Dear Aunt Silvia,I am a married man and a father of eight children. My wife and I have six children together, while the other three children are triplets born when I was in college. After getting married I informed my wife immediately.

Sunday, January 02, 2011

Dear Aunt Silvia,
I am a married man and a father of eight children. My wife and I have six children together, while the other three children are triplets born when I was in college. After getting married I informed my wife immediately.

Even though she refused to accept them at the time, I kept quiet. After all these years of being together all my children are now grown ups-but recently when I brought up the subject, she told me that she will never accept my other three children.

I am getting old and I need to give each of my children, even the triplets, their rightful inheritance. What should I do?
Al.

Dear Al,
You started your marriage on a very wrong footing. Had you stood your ground then, your wife would have had no option but to accept your children from the word go.

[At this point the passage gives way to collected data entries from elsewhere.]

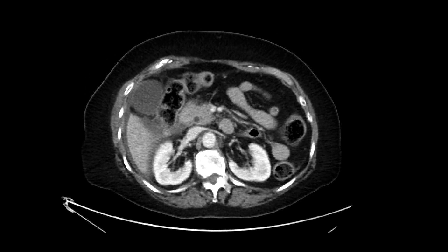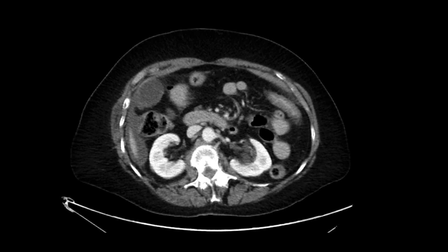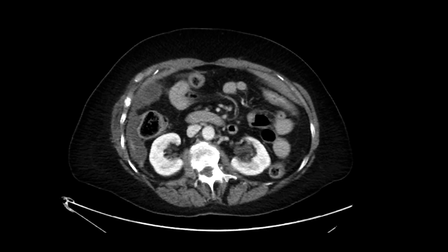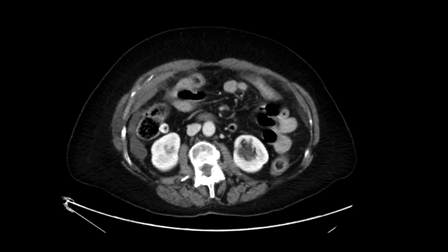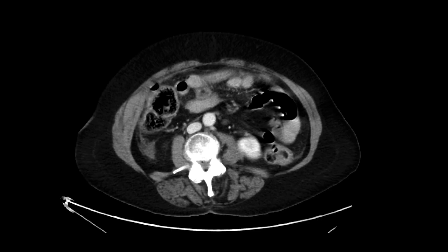As you scroll downwards, we can start to see some of that fluid tracking inferiorly along the right pericolic gutter. Right around there, we see there's a focus of extraluminal gas. There's clearly something going on in this patient — extraluminal gas is certainly concerning for perforation.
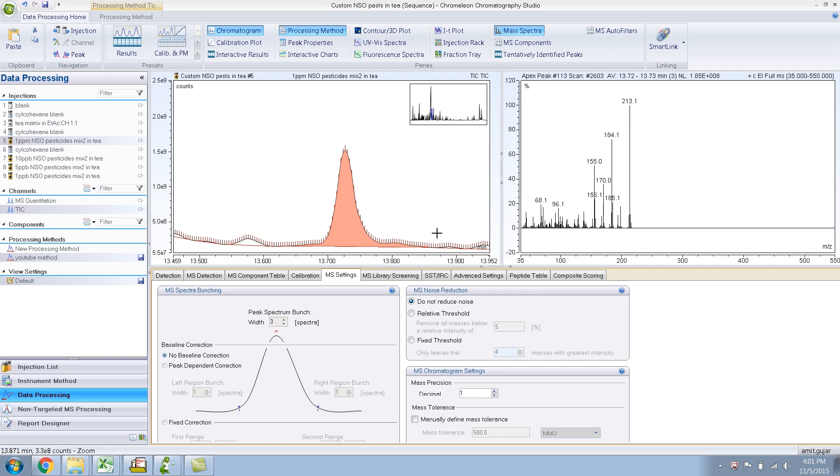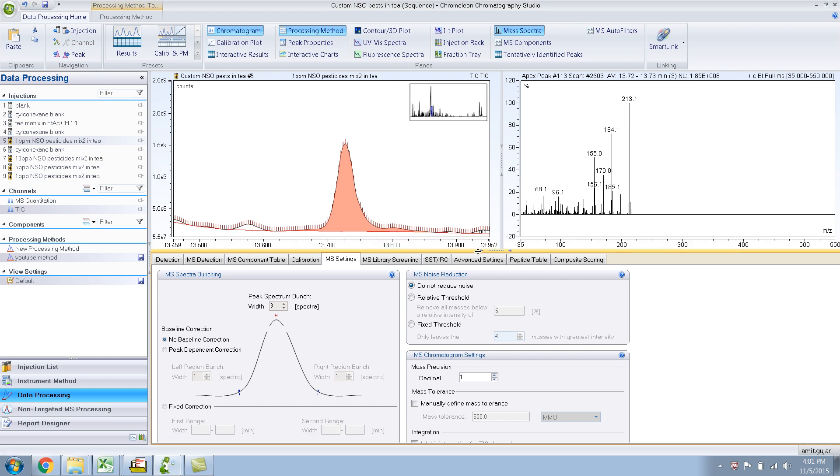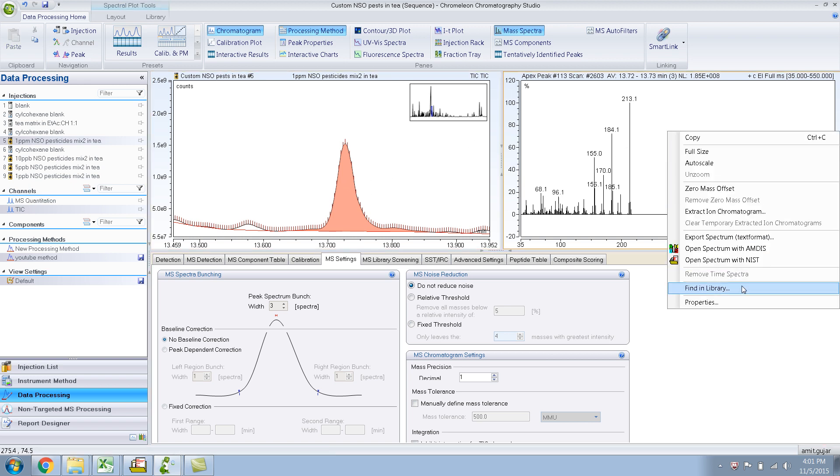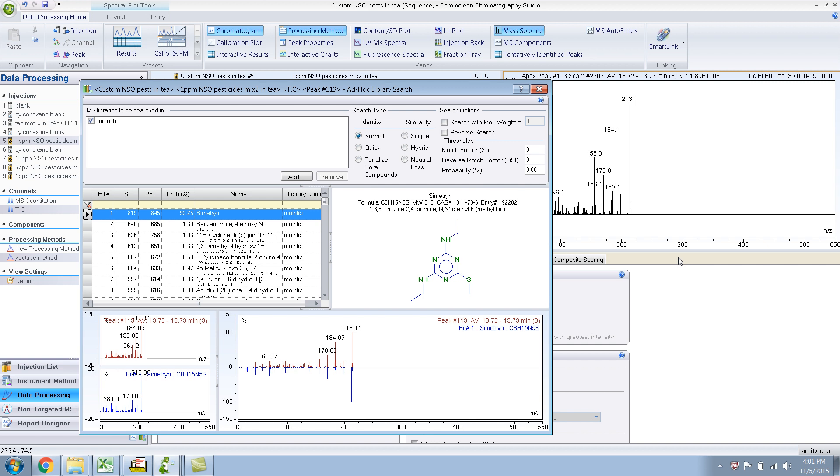Okay, in the last video I showed you something about MS settings, the mass precision and baseline collection. Like I said, this peak, if I do a library search, shows Cymetrin. But obviously, the NIST hit itself does not show any 184, so that means there's a coeluting peak.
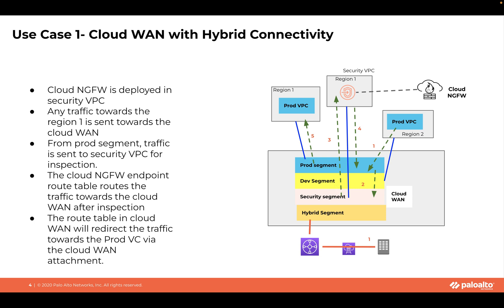For example, here we have prod segment and the security segment. We also have a hybrid segment for the data center and branch connectivity.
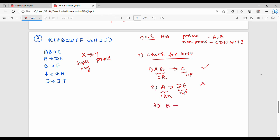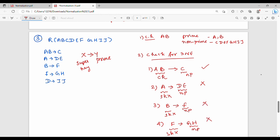Third dependency: B gives F — F is non-prime and B is not a super key, so it fails. Fourth dependency: F gives GH — G, H, and GH are non-prime, and F is non-prime, not a super key, so it fails. Fifth dependency: D gives IJ — I and J are non-prime and D is not a super key, so it fails.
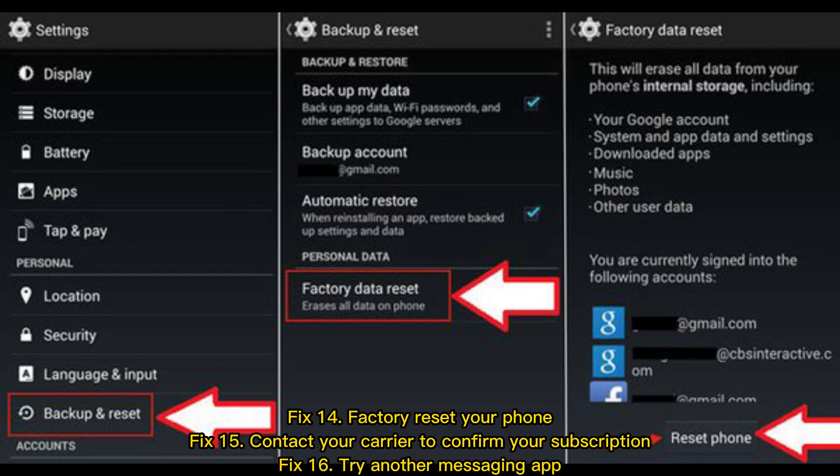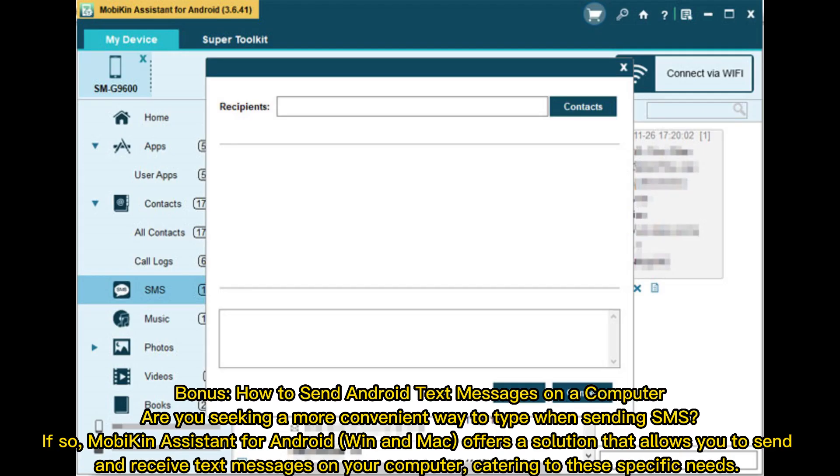Fix 14: Factory reset your phone. Fix 15: Contact your carrier to confirm your subscription. Fix 16: Try another messaging app.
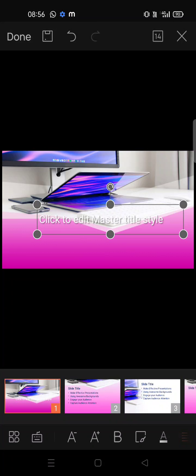Good morning everyone. Today in this video I'm going to show how to use the features of WPS Office. There are many features like bullet points, adding images, change of font size, color. So let's start.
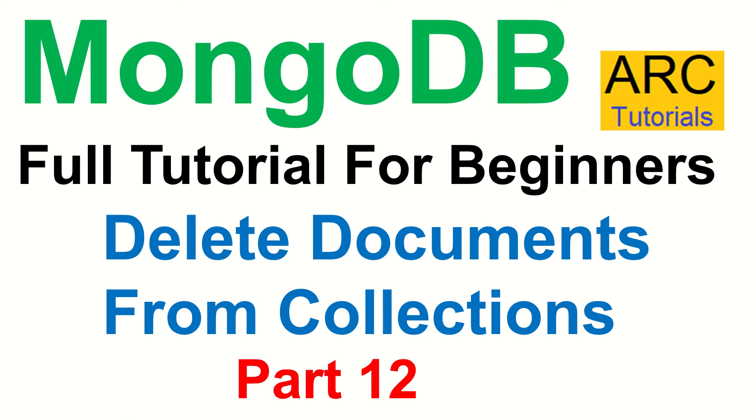Hi friends, welcome back to ARC Tutorials. This is MongoDB full tutorial series for beginners. In today's episode we are going to learn how to delete documents from collection. This is part of the CRUD operations that we will usually do on documents for using our Node or Express APIs - create, read, update.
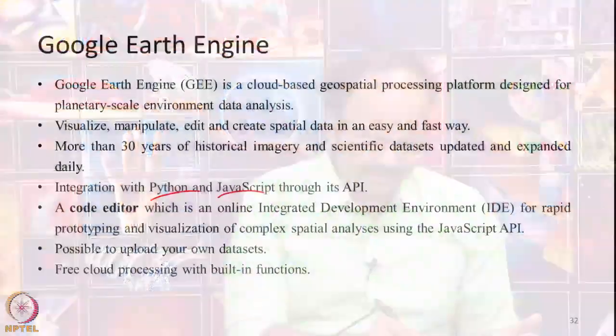Google Earth Engine provides a code editor, which is an online IDE - Integrated Development Environment. An IDE is a place where many different things can be combined and done in one go. This provides an integrated environment where you can open the data, visualize it, run your code, and see the output - everything done in one particular place.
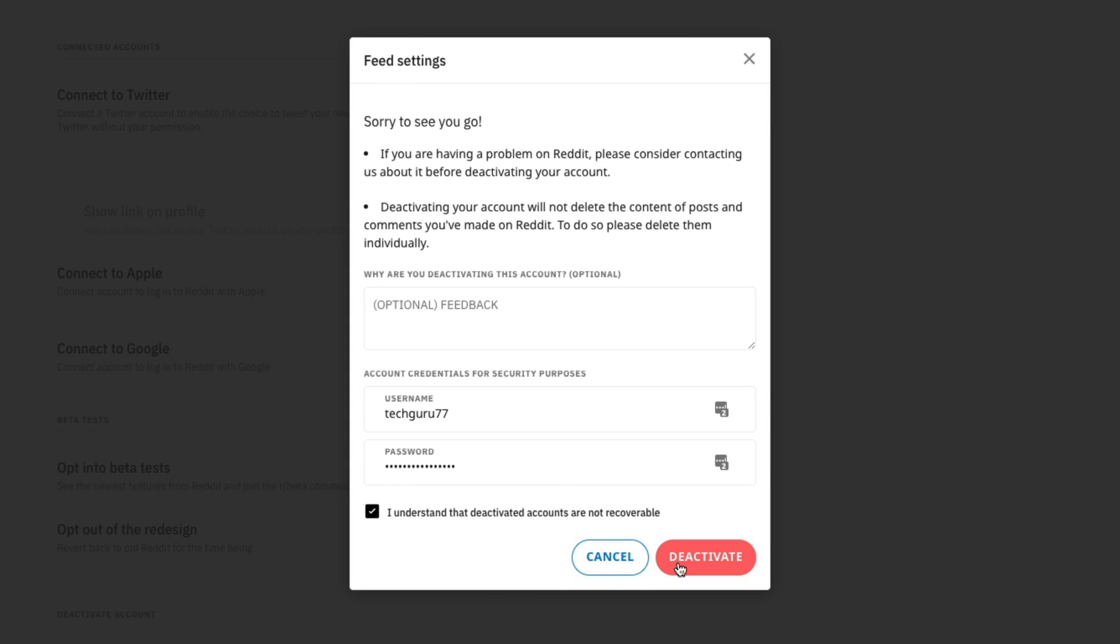And then once doing that, the red deactivate button will become available to you. There is no confirmation. Once you click or tap the red deactivate button, your Reddit account is gone forever.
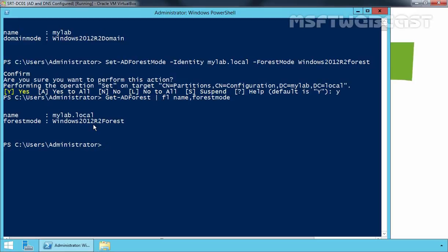So in this way, we can use Windows PowerShell to raise the domain and forest functional level. That's it for this video demonstration. Thank you for watching.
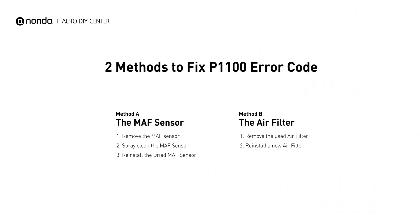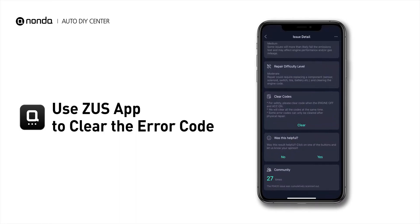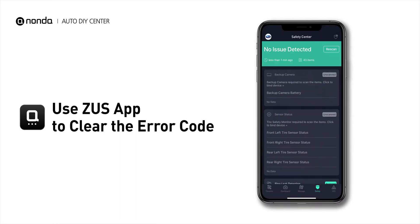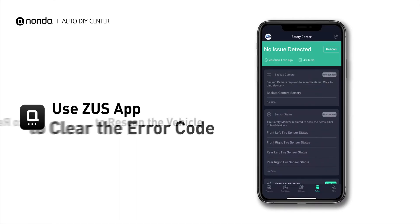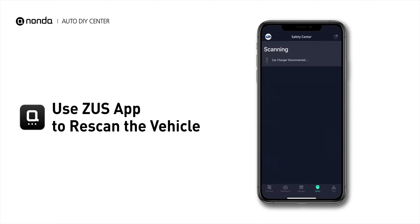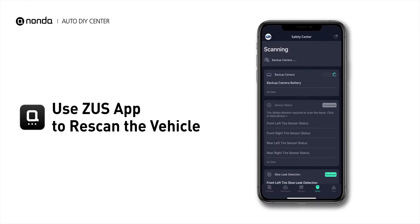So here are two of the most practical solutions to fix the P1100 error code. After the repair, you can now use the Zeus app to clear the error code, and tap the rescan button one more time to make sure everything is fine with your vehicle.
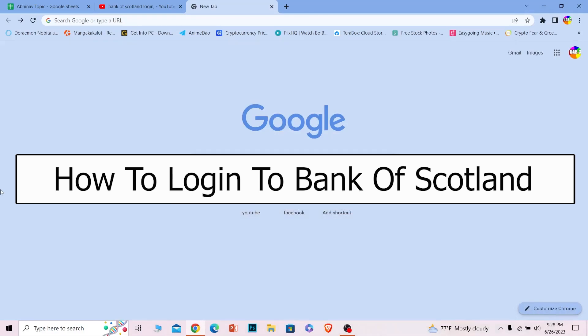In today's video, I will be teaching you guys how you can log in to your Bank of Scotland's online banking account. It's pretty simple, so follow the steps which I'm going to be showing you.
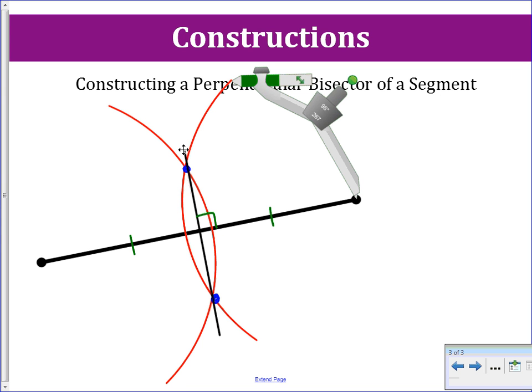The reason why this construction works: the two circles that we created had the endpoints as our centers and they had the same radius. This radius is congruent to this radius on the other side. If you remember back from when we did perpendicular bisectors, we had a biconditional statement that said if a point — which this blue intersection is a point — is equidistant from the endpoints of a segment, then it lies on the perpendicular bisector of the segment. And that is the justification for this construction.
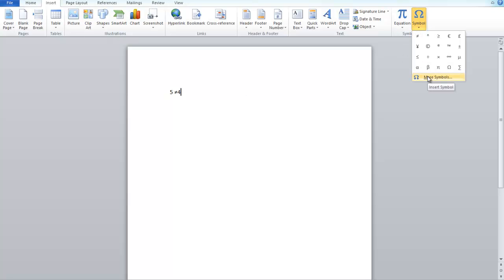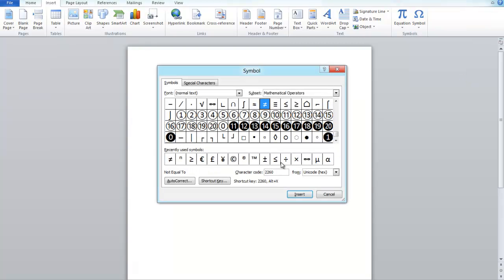If you want to find other symbols, just click on More Symbols. This should give you a lot of other options.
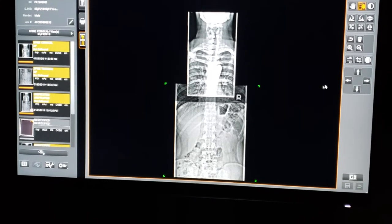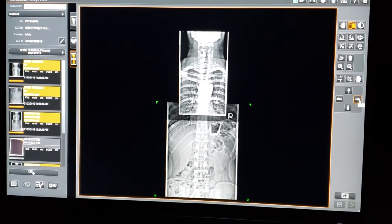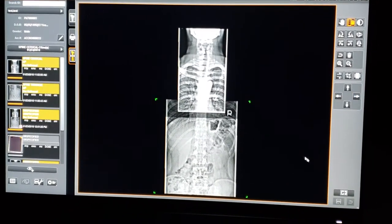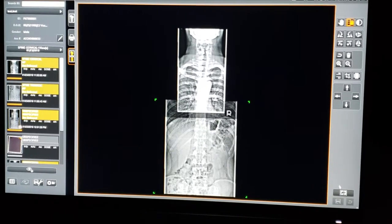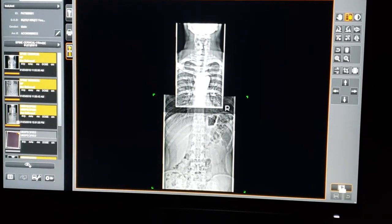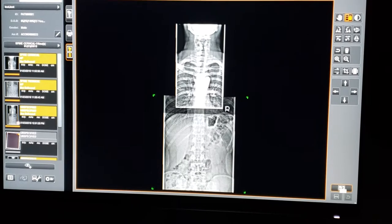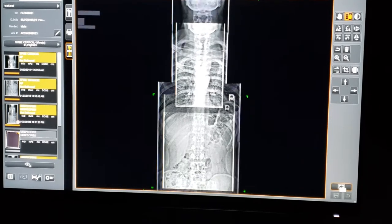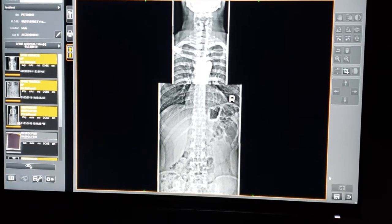You can still adjust using the up and down and left and right arrows at this point. Now, down in the bottom right, all you're going to do is click on the paste button, and there's your full spine image.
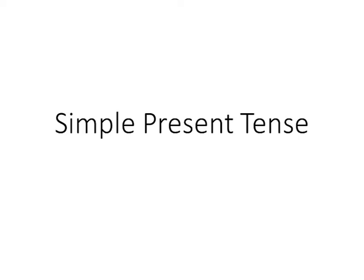Good morning girls. Today we are going to talk about the simple present tense. Now what does that mean? It means some things which are happening at the moment or some things which are true in general. For example, it is a lovely day.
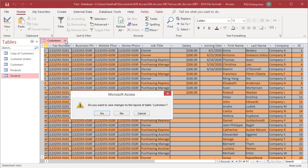Access prompts you to save the changes to the layout. Click on Yes to save the changes. Click on No to undo the changes.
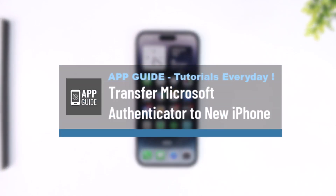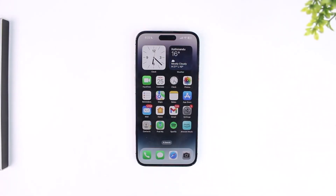How to transfer Microsoft Authenticator to a new iPhone. If you're coming from Android to iPhone or from iPhone to iPhone and you use Microsoft Authenticator, you want to transfer it to your new phone. The process on both is basically the same. The only thing you need to make sure is that you have backed up Microsoft Authenticator on your previous device, and then you restore it on your new phone.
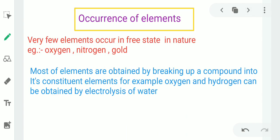Where do these elements occur? Occurrence of elements: very few elements occur in free state in nature, for example oxygen, nitrogen, gold. But most of the elements are obtained by breaking up a compound into its constituent elements. For example, oxygen and hydrogen can be obtained by electrolysis of water. So most elements are present in compound form, where two or more elements are joined together.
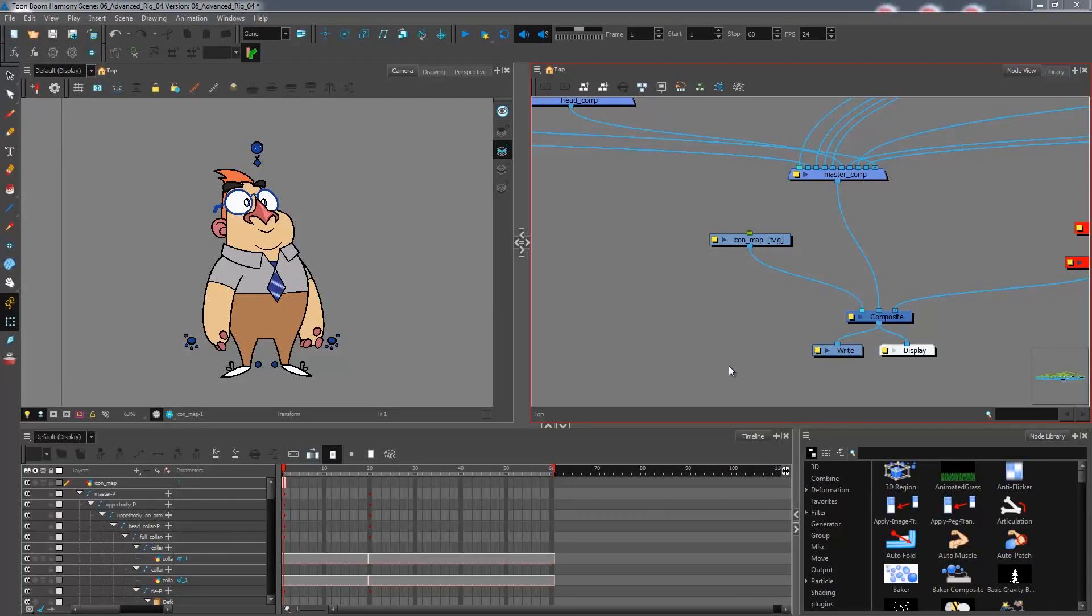In this advanced rigging tutorial we are learning about how to create selection icons or selection handles as some would like to call them.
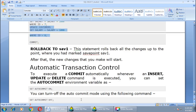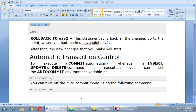To execute a commit automatically whenever an INSERT, UPDATE, or DELETE command is executed, you can set the auto commit environment variable using: SET AUTOCOMMIT ON. You can turn off this mode by giving: SET AUTOCOMMIT OFF. This is a toggle environment variable — you can turn it on or off by writing SET AUTOCOMMIT ON or SET AUTOCOMMIT OFF as per your requirement.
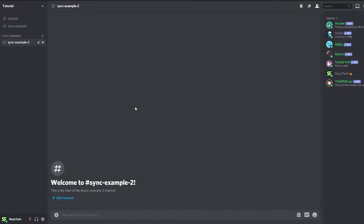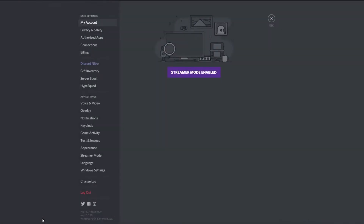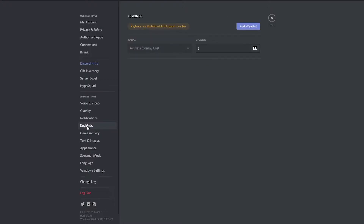Today I'll be showing you how to toggle deafen on Discord. Start by opening the user settings via the gear icon in the bottom left corner. Go to the key binds menu in the left pane.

But the fact that you gave her a lee way to trample over you even in issues as sensitive as this one, then it will be very difficult to bring her round to accepting your children now.

For me, as far as this issue is concerned, it should be discussed with the entire family from both sides.

You cannot let the feelings of your wife ruin your children’s identity. Children are identified by their parents, and if they cannot have a right over you because of your wife, then think of what kind of relationship they will have with their half brothers and sisters.

Your children from your current wife should also be informed about the existence of their half brothers, and if possible make a point of introducing them to each other.

You never know what will happen tomorrow. The world has become a global village-these children might meet in a very uncompromising manner, which will make you live your life in regret.

As for the inheritance, how your wife feels has got nothing to do with your decision making.

Whether she likes it or not, those three children have your blood running in their veins and they should not by any means be denied what is rightfully theirs.

Remember they were not asked to be born in those circumstances.

Your wife might not want your children in her house, but that should not stop you and your children from communicating with them.

You should do what any other loving father should to all his children despite the circumstances. Children are children; none is more equal than the other in the eyes of their parents.

Make a proper decision as a man now, sit back and wait whatever comes your way.